A few days ago, the Post ran a story about gymnemic acid, the “anti-miracle fruit” mentioned here before. The acid is extracted from an herb and blocks the mouth’s sweet receptors when it’s consumed. As a result, anything sweet tastes terrible.
Using a concentrated form of this ingredient, a company has developed a tablet that, when sucked or chewed, rapidly makes all sense of sweetness disappear for up to 30 minutes.
Why would someone want sweetness out of their lives, even temporarily?
George Kontonotas, president of Genotec Nutritionals Inc. in Commack, N.Y., says it helps overweight people resist sugary snacks and removes the sweet taste from tobacco smoke.
He says cigarette manufacturers put at least 20 substances into cigarettes, including cloves and apple juice extract, to make smoking more palatable. When sweet receptors on the tongue cannot sense those tastes, “the true taste of tobacco is awful.”
The taste-blocking effects of the active ingredient, gymnemic acid, have been known for some time, but the herbal tablet was introduced to stores in New York just last month.
It’s too bad this stuff is allowed while miraculin is held hostage by FDA roadblocks. If I were dieting and had the choice between a substance that makes healthy things taste sweet and another that makes delicious things taste terrible, there’s no question I’d want the former. Stupid government.

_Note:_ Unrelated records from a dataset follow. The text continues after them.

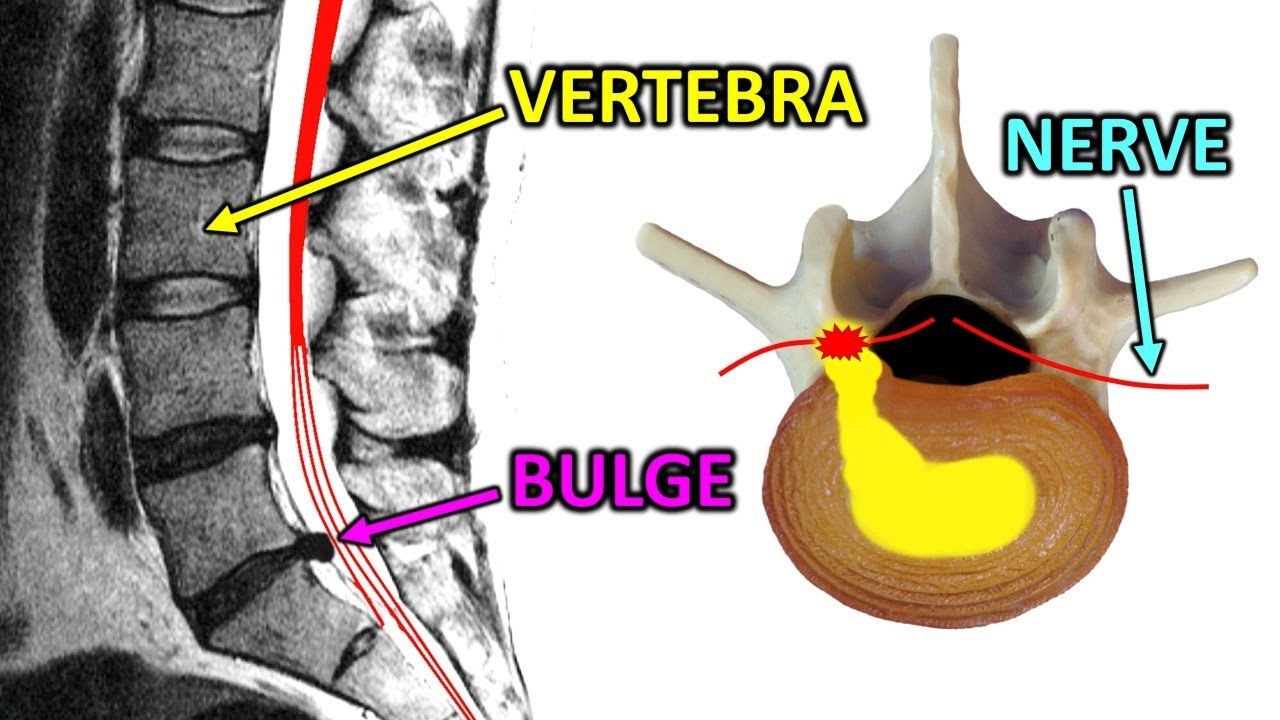 Are All Herniated Discs Bad?? Lumbar MRI Results Explained.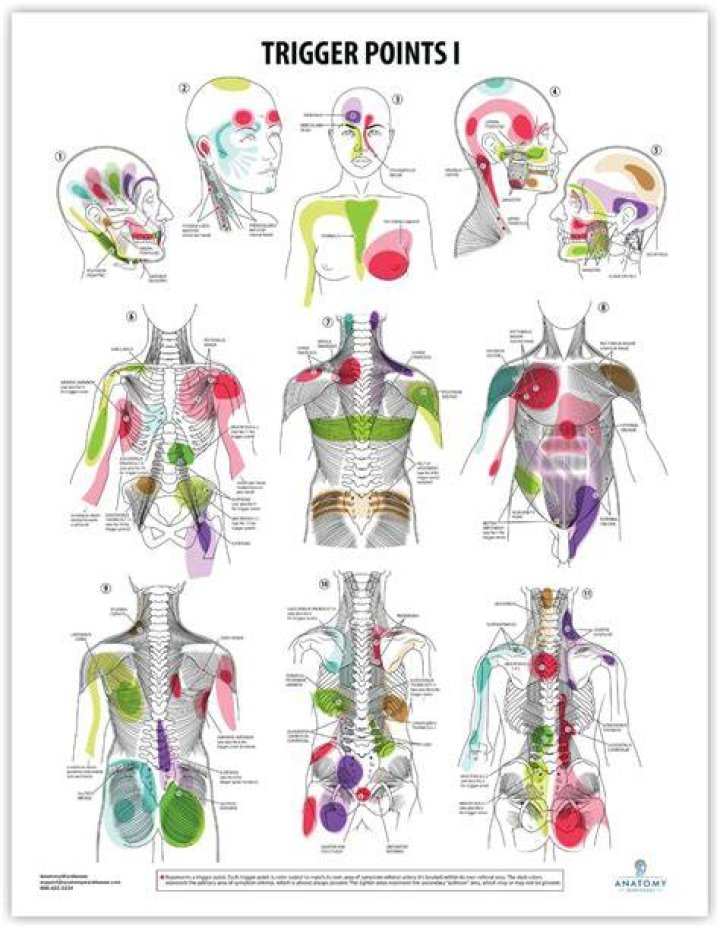 Why do I have so many trigger points?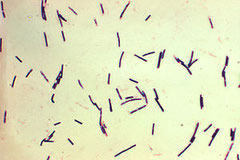 Clostidium Perfingens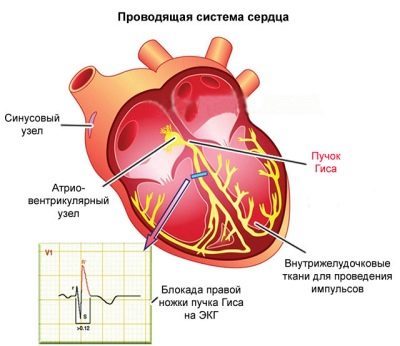 Неполная блокада правой ножки пучка Гиса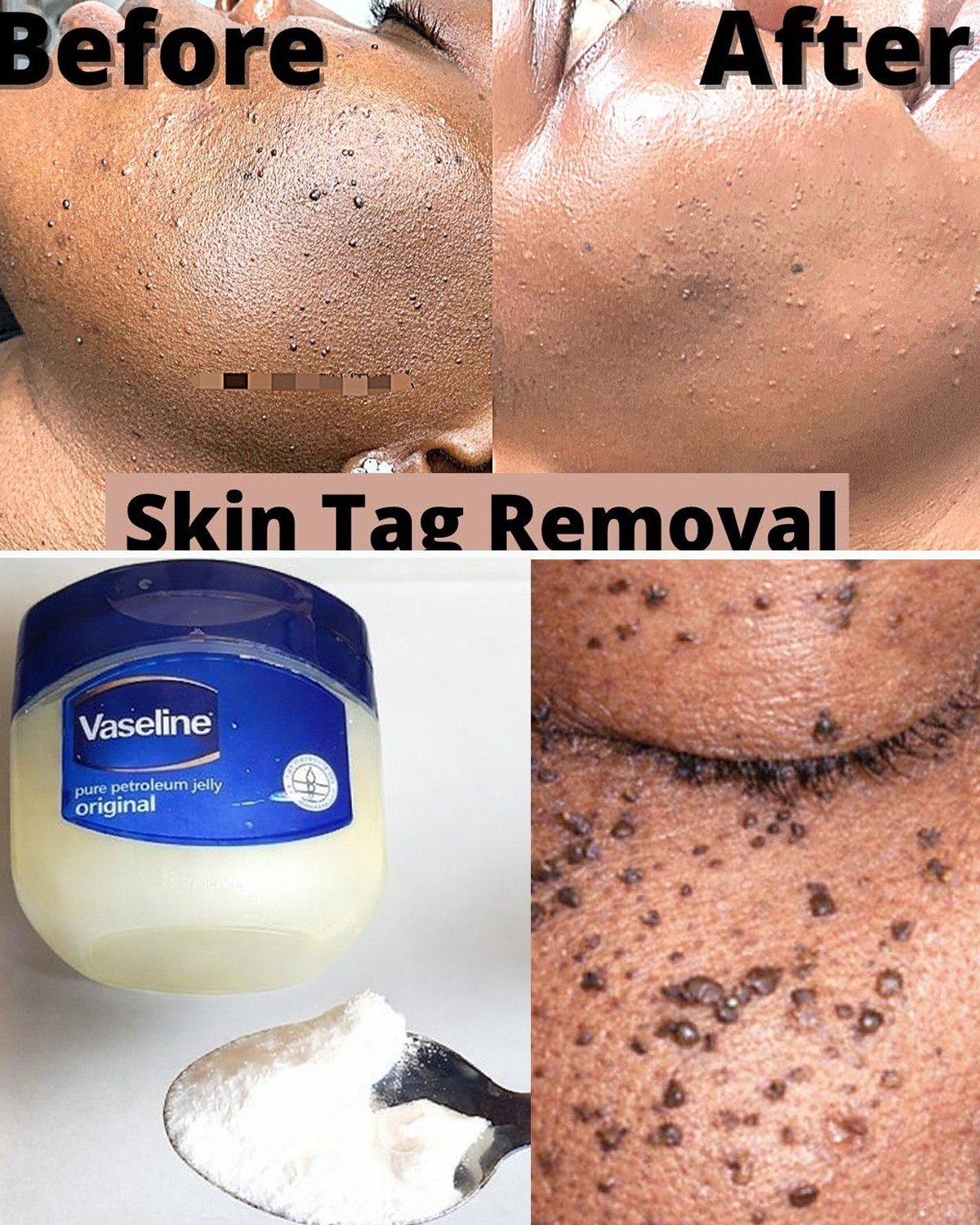 Those Stubborn Little White Bumps: Understanding Milia and Safe Ways to Improve Your Skin’s Appearance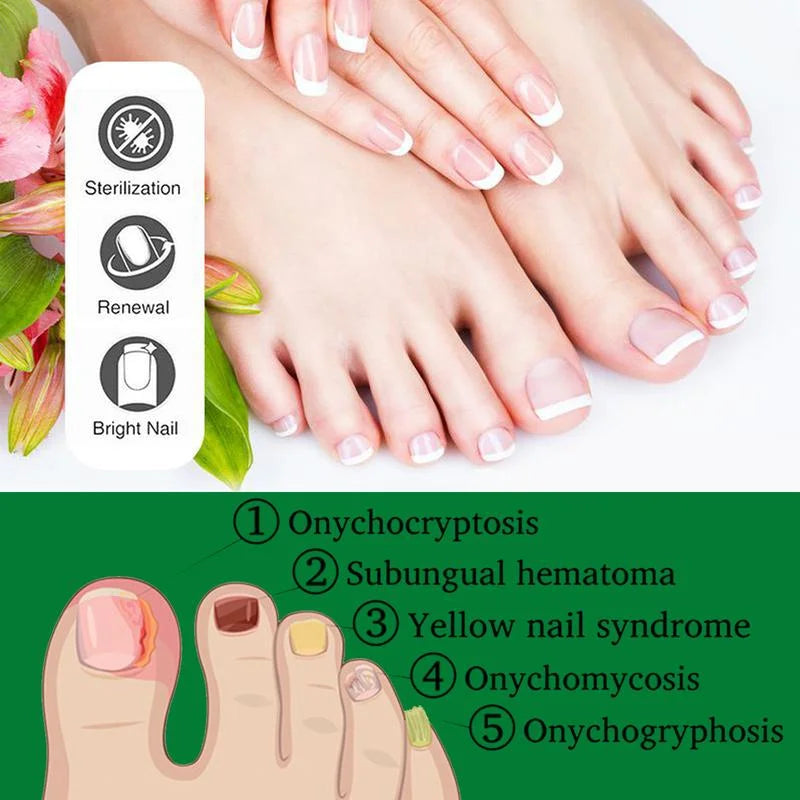 Nail treatment – Natural antifungal care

I’ve also got to correct Kontonotas’ misleading statement about the “true” taste of tobacco. As with coffee, some tobaccos taste fantastic on their own, and some are low grade and are only palatable with lots of additives (as found in most cigarettes). It doesn’t make sense to speak of the plant’s “true taste” under the influence of a drug designed to screw with your taste buds.